Agroforestry systems have been compared to agricultural and forestry alternatives, providing a land-use solution for additional environmental benefits while maintaining similar levels of productivity. However, there is scarce research assessing such patterns across a pan-European scale using a common methodology. This study aims to improve our understanding of the role of trees in three different regulating ecosystem services—(1) soil erosion, (2) nitrate leaching and (3) carbon sequestration—in traditional and innovative agroforestry systems in Europe through a consistent modeling approach. The systems’ assessment spans environmentally from the Mediterranean environmental region in Portugal to the Continental environmental region in Switzerland and Germany to the Atlantic environmental region in the United Kingdom. Modeled tree densities were compared in the different land-use alternatives, ranging from zero (agriculture with only crops or pasture) to forestry (only trees). The methodology included the use of a biophysical model (Yield-SAFE) where the quantification of the environmental benefits was integrated. Results show a consistent improvement of regulating ecosystem services can be expected when introducing trees in the farming landscapes in different environmental regions in Europe. For all the systems, the forestry alternatives presented the best results in terms of a decrease in soil erosion of 51% (±29), a decrease of nearly all the nitrate leaching (98% ± 1) and an increase in the carbon sequestration of up to 238 Mg C ha−1
(±140). However, these alternatives are limited in the variety of food, energy and/or materials provided.
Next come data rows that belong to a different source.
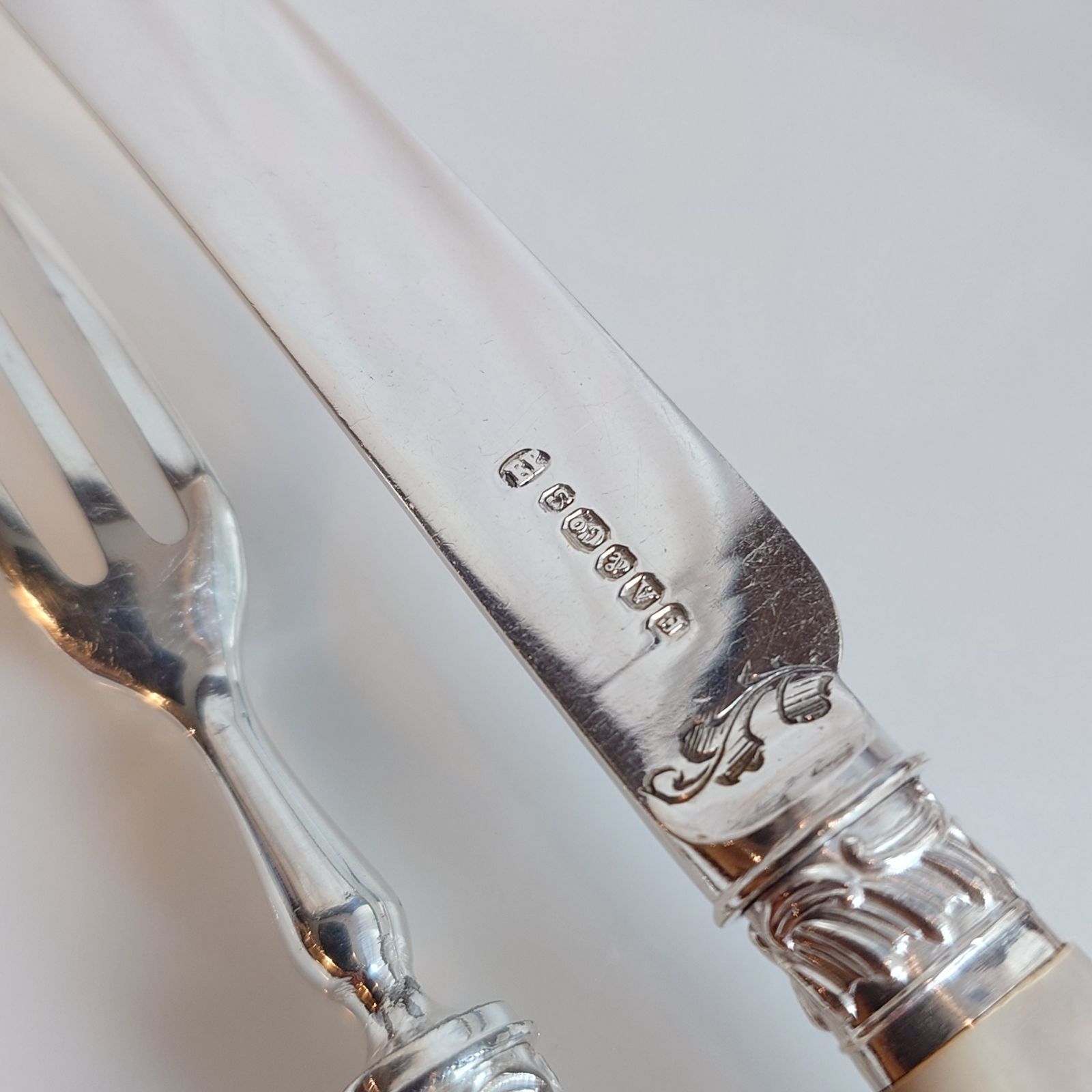 白蝶貝カトラリー セットA（訳アリ）マザーオブパール 純銀製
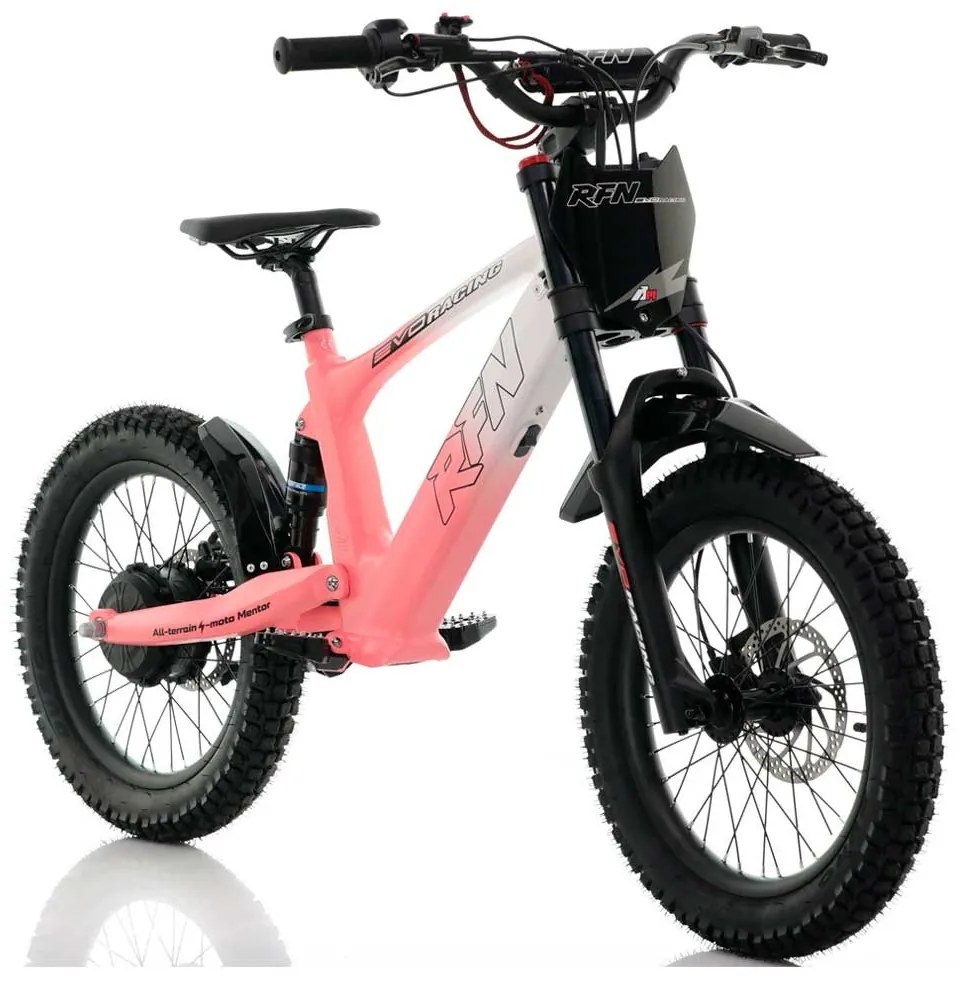 Bicicleta elétrica infantil 500W Roan RXF Evo Racing 18" Rosa e Branco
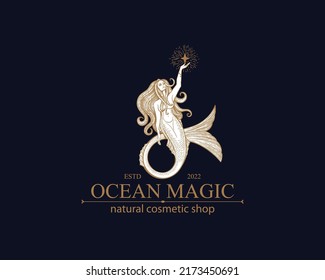 Logo de la sirena. Ilustración vectorial de plantilla de marca. Sirena y niña marina con cola. Ilustración vectorial dibujada a mano para logotipo y afiche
On the other hand, from an arable or pure-pasture alternative starting point, an increase in agroforestry tree density could also be associated with a decrease in soil erosion of up to 25% (±17), a decrease in nitrates leached of up to 52% (±34) and an increase in the carbon sequestered of 163 Mg C ha−1
(±128) while at the same time ensuring the same levels of biomass growth and an increase in product diversification.